I have been into fishing for salmon and steelhead for as far back as I can remember. I started salmon fishing at a very young age. I was fortunate to grow up a few minutes walk to a stream that had a healthy population of migratory king and coho salmon, as well as large steelhead, rainbow, and brown trout. By the age of twelve, I had caught more salmon than most will in a lifetime. While most kids idolized sports figures, I grew up watching and reading about the legends and fishing greats like Del Brow, Lefty Krey, Flip Pallot, Jose Wejebe and countless others. As my friends were tackling dummies at football practice, I was roll casting into a river that had a fresh push of steelhead in its tail-out. Fishing has stayed with me through out my life. I have fished everywhere my travels have taken me: countless places along the Northeast coast, the Florida Keys, the South West, West Coast, Alaska, Canada, Japan, and all over the Caribbean.

I was also fortunate to grow up on the East Coast of Lake Ontario in the summers, where I spent most of my time on the water fishing out of anything that would float.
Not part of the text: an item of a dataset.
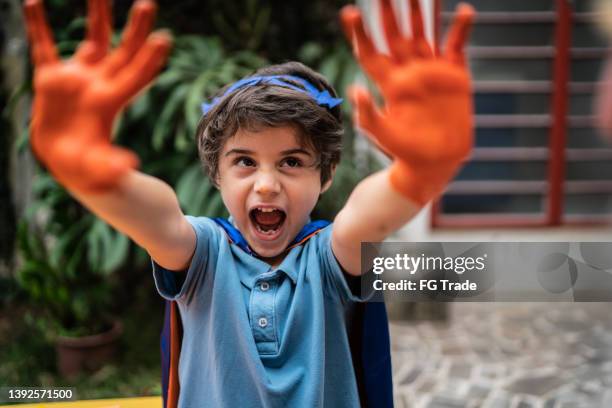 happy cute boy showing hands with paint - alleen jongens stockfoto's en -beelden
At eighteen I started chartering and navigating a twenty-eight foot fishing charter boat through a massive salmon troll fleet that once blanketed Mexico Bay and Lake Ontario area during late August and early September. This was the heyday of the Lake Ontario fishing charter fleet, before the poor salmon and steelhead returns in the late nineties that diminished this fleet to only a handful.
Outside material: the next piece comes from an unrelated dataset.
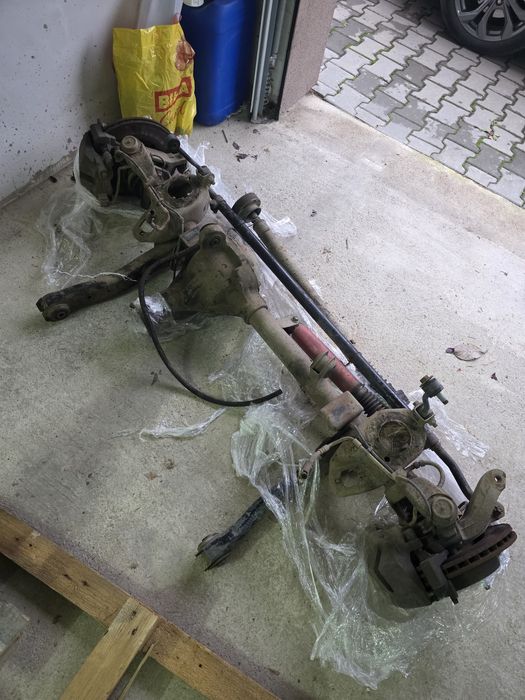 Цял оборудван преден мост за Чероки 3.1 дизел, 2001г.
This came at a good time because it allowed me to focus on something besides fishing. I took a little time off from fishing and guiding to attend and graduate from Syracuse University with a bachelor’s degree in Psychology and Political Science. Syracuse was a great university for me to go to because not only was it an excellent education but it also was only a thirty-five mile drive back home to Pulaski.  I was able to continue chartering and guiding during this time, although on a much more limited basis. After college I moved to Manhattan for a year and tried a few different jobs.  My first job was for a hedge fund on wall street, which was short lived for many reasons. My second job was in the real estate industry in the city, again not my style. My last job was at the Orvis fly fishing store on 44th St and Fifth Ave as an assistant manager. It was their flagship store and a mecca for fishermen living in the city or passing through. Some of the best guides, big game fishermen, sport fishing writers, long distance fly casters, famous fly tiers, and a whole bunch of others came through the shop, selling books and trips, or giving seminars and talks. As much as I enjoyed being around some of the greatest people in the fishing industry, it made me miss guiding and being on the water everyday.
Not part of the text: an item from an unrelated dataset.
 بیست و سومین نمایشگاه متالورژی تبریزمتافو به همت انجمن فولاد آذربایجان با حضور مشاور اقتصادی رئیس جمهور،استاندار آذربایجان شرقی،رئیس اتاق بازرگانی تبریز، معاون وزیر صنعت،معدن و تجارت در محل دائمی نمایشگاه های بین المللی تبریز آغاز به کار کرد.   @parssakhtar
During my time living in Manhattan I was almost weekly taking cheap Jet Blue flights up to Syracuse, getting a ride home to Pulaski, and running either my drift boat or charter boat on some weekends. This was becoming too much to handle, and I knew I didn’t want to be in the city any more.  That week I heard a few striper guide friends talking about some fishing they had done in Alaska and how a few of the lodges were understaffed for guides. I did a little research, found an area that fished similar to the way I did at home, and started calling lodges in Alaska. I found one that needed a drift boat guide on the Kenai River.  In 2003 I took a chance and flew to Alaska, not knowing anyone beside the guy at the lodge I was going to work for. I worked for this lodge for three months until my contract was up. I bought a boat before I left Alaska and opened my own business on a different river the following year. I continued this business for fifteen years. I ran my Alaska business from May to September and ran charter and drift boats on the Salmon River and Lake Ontario from September to May. I sold most of my Alaska business in the fall of 2018.

After fifteen years as a business owner and captain in Alaska, I decided that was enough and wanted to stay home for the summers. I currently own and operate a 31 Tiara Express charter boat out of the Salmon River Lighthouse & Marina in Port Ontario, near Pulaski. I also have continued to operate my drift boats on the Salmon River and other tributaries since 1998.  Between the lake and the river I am on the water three hundred days a year. This will be my twenty-fourth season as a guide and charter captain.